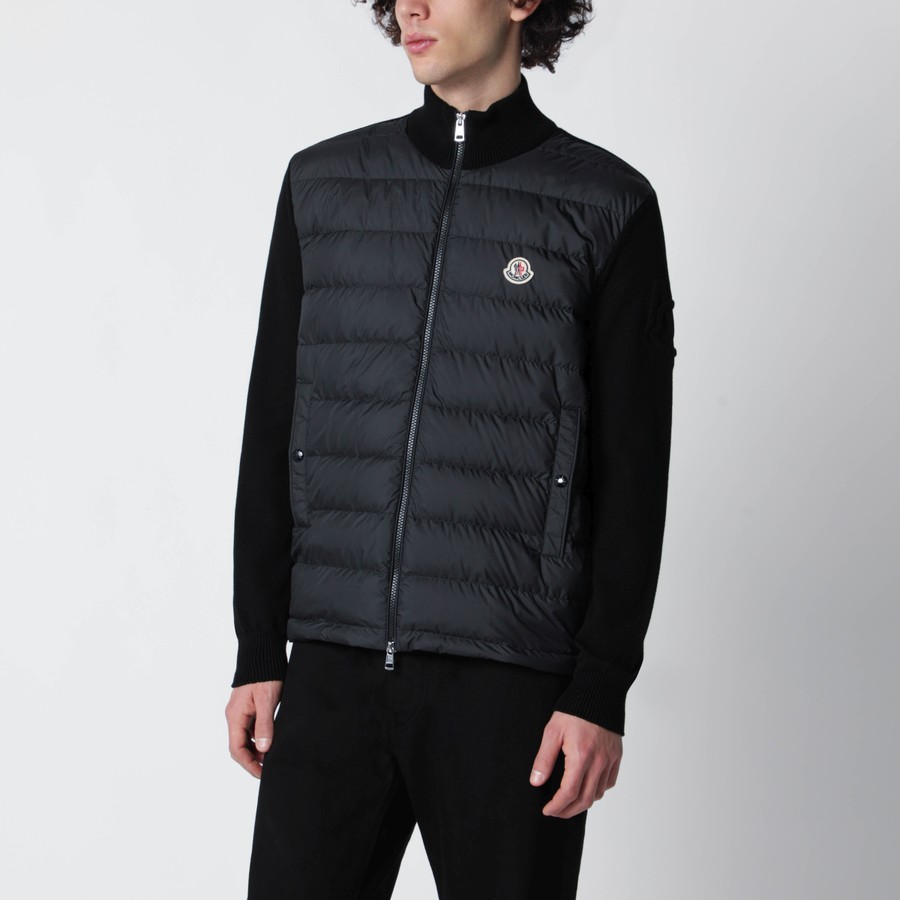 Moncler Black quilted cotton zip-up cardigan | TheDoubleF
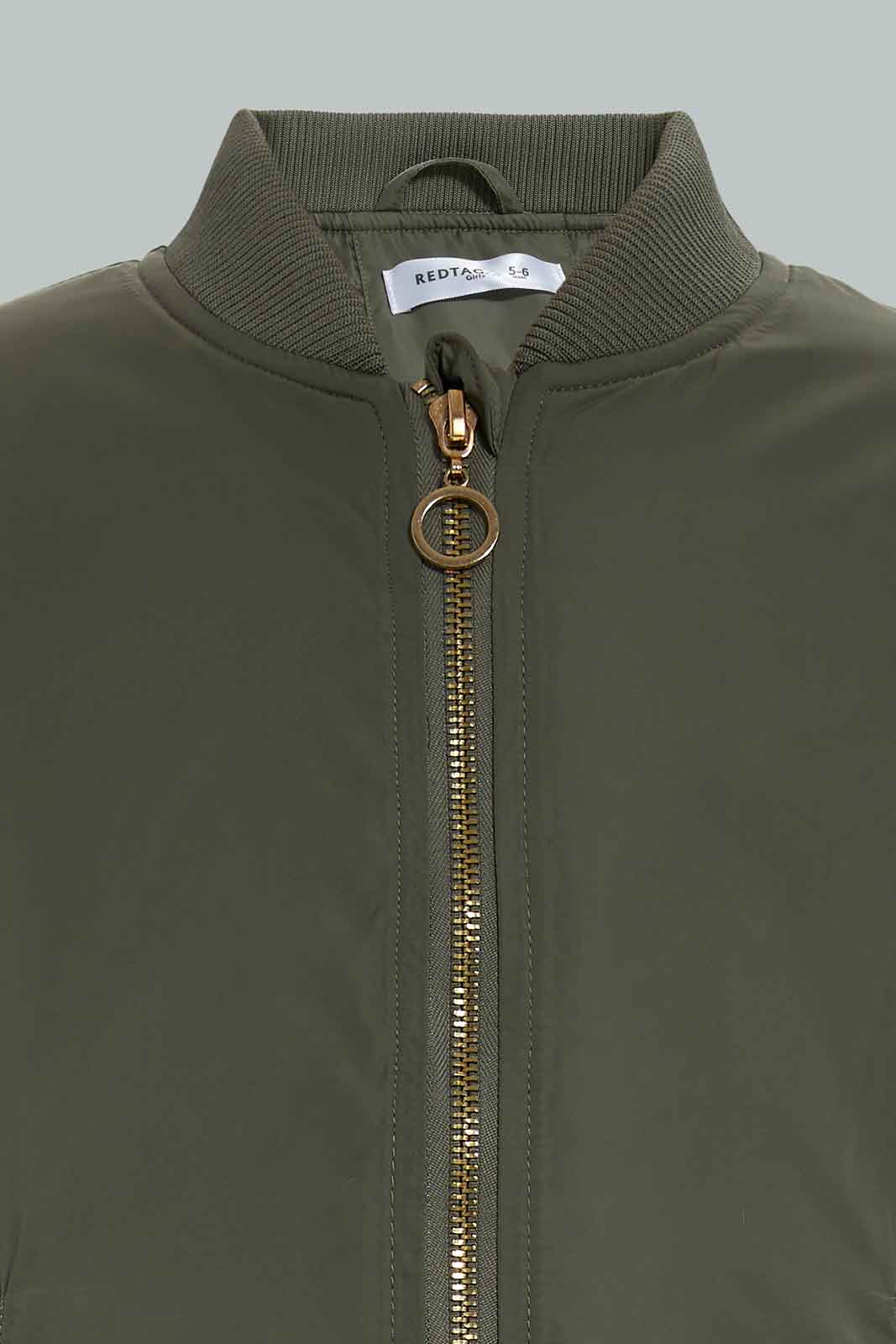 Redtag-Olive-Bombar-Jacket-Category:Jackets,-Colour:Green,-Deals:New-In,-Filter:Girls-(2-to-8-Yrs),-GIR-Jackets,-New-In-GIR-APL,-Non-Sale,-Section:Girls-(0-to-14Yrs),-W22B-Girls-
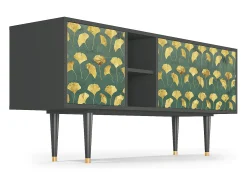 Móvel De Tv| Mueble de TV - 150х69х41 cm - T5 - Gingko leaves, Antracite Cinza antracite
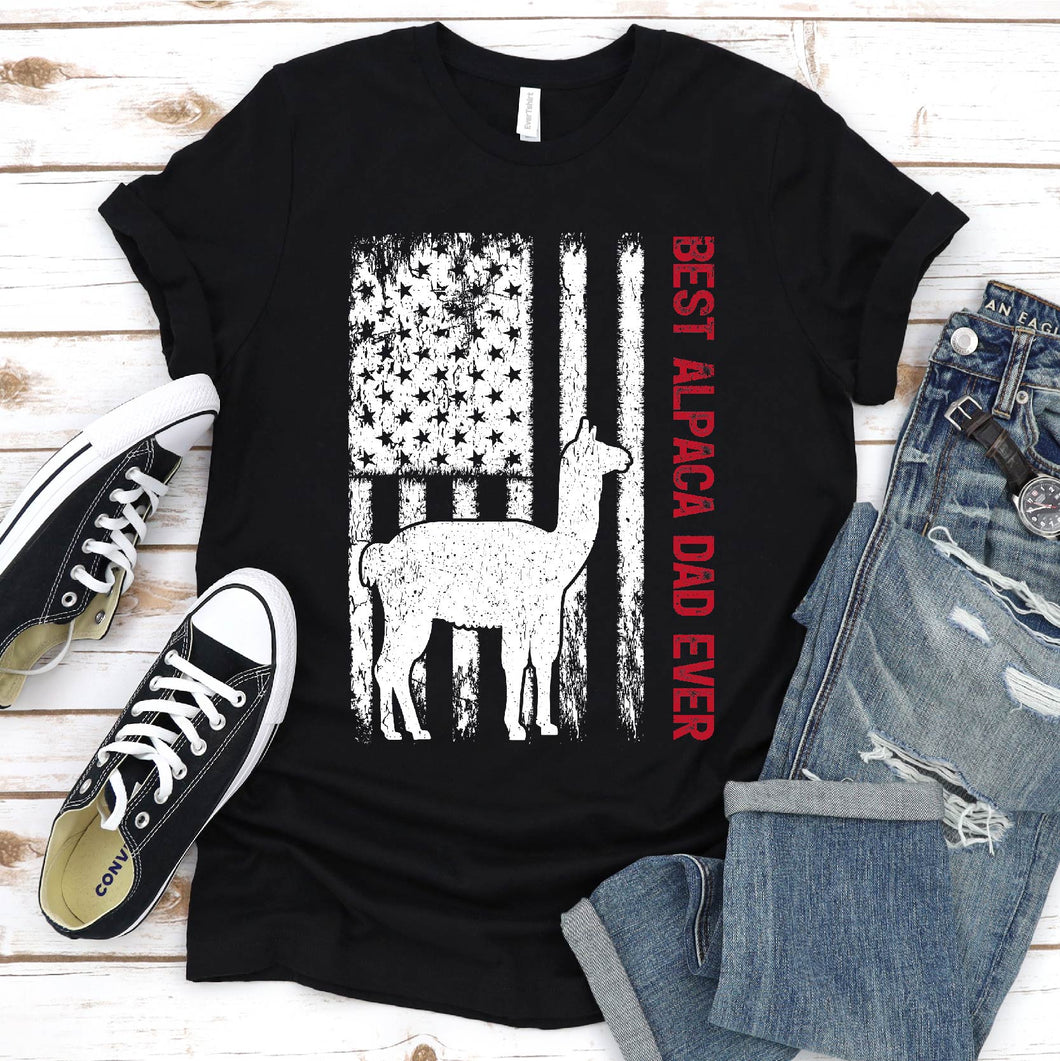 Best Alpaca Dad Ever Usa Flag Alpaca Fathers Day T-shirt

WHAT YOU ARE ASKED TO DO:
Please transcribe the material above exactly as written. Leave the pictures out.

OUTPUT BELOW:
 Moncler Black quilted cotton zip-up cardigan | TheDoubleF
 Redtag-Olive-Bombar-Jacket-Category:Jackets,-Colour:Green,-Deals:New-In,-Filter:Girls-(2-to-8-Yrs),-GIR-Jackets,-New-In-GIR-APL,-Non-Sale,-Section:Girls-(0-to-14Yrs),-W22B-Girls-
 Móvel De Tv| Mueble de TV - 150х69х41 cm - T5 - Gingko leaves, Antracite Cinza antracite
 Best Alpaca Dad Ever Usa Flag Alpaca Fathers Day T-shirt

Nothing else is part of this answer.